She's got a story you can't see...

Oct 06, 2008 20:59

The nadir of my background life has happily (or unhappily - also a reasonable label) coincided with a sudden upswing in auditions, my invitation to participate in a weekly improv show, and my invitation to take a comedy intensive that will eat the first two weeks of November (six hours of class every Saturday, three hours of rehearsal Sunday through Friday). For these reasons, I found myself seated opposite a rotund middle aged black man at my interview for the position of server at The Cheesecake Factory, panicking as the seconds ticked by, my brain refusing to yield anything appropriate, watching as said middle aged man began to show marked signs of impatience.

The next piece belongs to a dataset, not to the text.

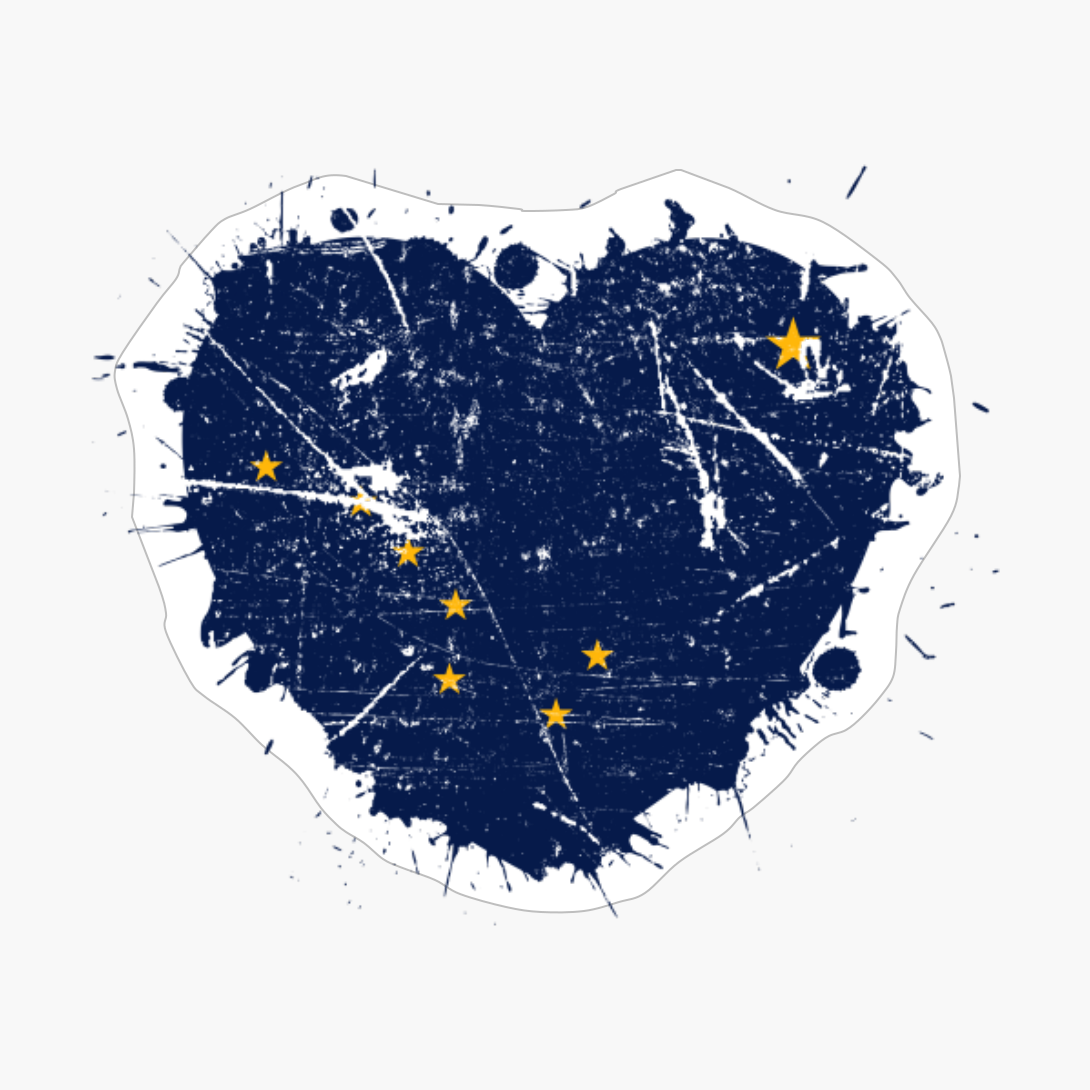 Alaska Alaskan Heart Love Flag Pride Heritage Roots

Let's rewind a bit. Up until this point I was an interview rock star. I arrived over half an hour early, looking ultra cute in a casual black blouse and pink circle skirt splattered all over with black roses. I jumped up to open the door for a woman pushing a stroller and carrying either a pterodactyl or a baby (I honestly don't know...and were I blind, I would have proclaimed it without doubt to be the former). I chatted cheerfully with a fellow applicant while everyone else stood around examining their shoes. I knew one of the hosts from set. I turned in my completed application (picked up Friday afternoon) while everyone else was just starting to fill in their names. I was golden.

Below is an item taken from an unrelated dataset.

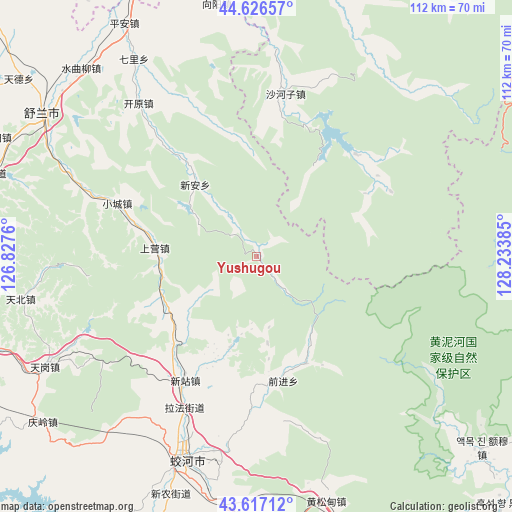Yushugou on map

And then the questions started. Now, as you might have noticed from the above paragraph, I was prepared. I searched the internet and had answers for all of the questions that anybody has ever been asked at a Cheesecake Factory interview.

But I didn't have an answer for this one:

MAN: What would you say is your greatest work achievement?
ME: You mean in the service industry?
MAN: Any work.
ME: Uh....Hmm...At work... Well...*desperation ensues*

In the end I horribly fumbled the question and watched hopelessly as he checked off a sentence I couldn't see the entirety of but that began: "Cannot prove..."

After bungling the rest of the interview horribly, I drove home in tears, breaking the law by calling Zack and my mom for consolation and wiping my nose on my arm as there was not a paper product (excepting headshots) to be found in my car. They reminded me that there are other jobs out there, that The Cheesecake Factory is not the only place to wait tables in LA. But that wasn't really the point. Besides the fact that I need money NOW, it was the fact that this entirely mediocre man had decided that I "cannot" do something. That I "cannot prove..." what? That I've achieved something at a job? That I can carry a tray full of food to people with a smile? I had already proved that I could be relied on to be early, that I was friendly, helpful, prepared, neat, attractive. But because I couldn't answer that stupid question I wasn't good enough for him?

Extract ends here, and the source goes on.